WORK REQUIRED: Your answer must match the material exactly, line for line.

-- DATA FOR THE TASK follows --

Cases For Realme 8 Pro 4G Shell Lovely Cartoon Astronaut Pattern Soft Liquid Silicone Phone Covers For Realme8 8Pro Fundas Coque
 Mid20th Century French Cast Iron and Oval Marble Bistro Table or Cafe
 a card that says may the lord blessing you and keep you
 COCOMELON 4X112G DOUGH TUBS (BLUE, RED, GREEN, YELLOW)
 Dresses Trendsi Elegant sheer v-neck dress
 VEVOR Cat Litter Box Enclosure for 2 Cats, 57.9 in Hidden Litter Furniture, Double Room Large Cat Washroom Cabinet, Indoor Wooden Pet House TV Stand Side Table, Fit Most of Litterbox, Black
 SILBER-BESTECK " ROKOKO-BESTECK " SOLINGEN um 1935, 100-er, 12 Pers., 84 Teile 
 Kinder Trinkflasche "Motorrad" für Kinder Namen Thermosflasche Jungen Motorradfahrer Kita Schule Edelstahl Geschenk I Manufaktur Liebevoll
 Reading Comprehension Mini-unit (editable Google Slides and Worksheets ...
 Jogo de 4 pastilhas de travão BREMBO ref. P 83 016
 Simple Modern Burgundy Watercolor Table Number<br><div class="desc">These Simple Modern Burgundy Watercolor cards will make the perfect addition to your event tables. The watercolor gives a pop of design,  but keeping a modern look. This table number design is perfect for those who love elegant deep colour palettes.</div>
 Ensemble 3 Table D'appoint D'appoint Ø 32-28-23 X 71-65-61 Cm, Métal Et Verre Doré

-- DATA FOR THE TASK concluded --

THE ANSWER:
Cases For Realme 8 Pro 4G Shell Lovely Cartoon Astronaut Pattern Soft Liquid Silicone Phone Covers For Realme8 8Pro Fundas Coque
 Mid20th Century French Cast Iron and Oval Marble Bistro Table or Cafe
 a card that says may the lord blessing you and keep you
 COCOMELON 4X112G DOUGH TUBS (BLUE, RED, GREEN, YELLOW)
 Dresses Trendsi Elegant sheer v-neck dress
 VEVOR Cat Litter Box Enclosure for 2 Cats, 57.9 in Hidden Litter Furniture, Double Room Large Cat Washroom Cabinet, Indoor Wooden Pet House TV Stand Side Table, Fit Most of Litterbox, Black
 SILBER-BESTECK " ROKOKO-BESTECK " SOLINGEN um 1935, 100-er, 12 Pers., 84 Teile 
 Kinder Trinkflasche "Motorrad" für Kinder Namen Thermosflasche Jungen Motorradfahrer Kita Schule Edelstahl Geschenk I Manufaktur Liebevoll
 Reading Comprehension Mini-unit (editable Google Slides and Worksheets ...
 Jogo de 4 pastilhas de travão BREMBO ref. P 83 016
 Simple Modern Burgundy Watercolor Table Number<br><div class="desc">These Simple Modern Burgundy Watercolor cards will make the perfect addition to your event tables. The watercolor gives a pop of design,  but keeping a modern look. This table number design is perfect for those who love elegant deep colour palettes.</div>
 Ensemble 3 Table D'appoint D'appoint Ø 32-28-23 X 71-65-61 Cm, Métal Et Verre Doré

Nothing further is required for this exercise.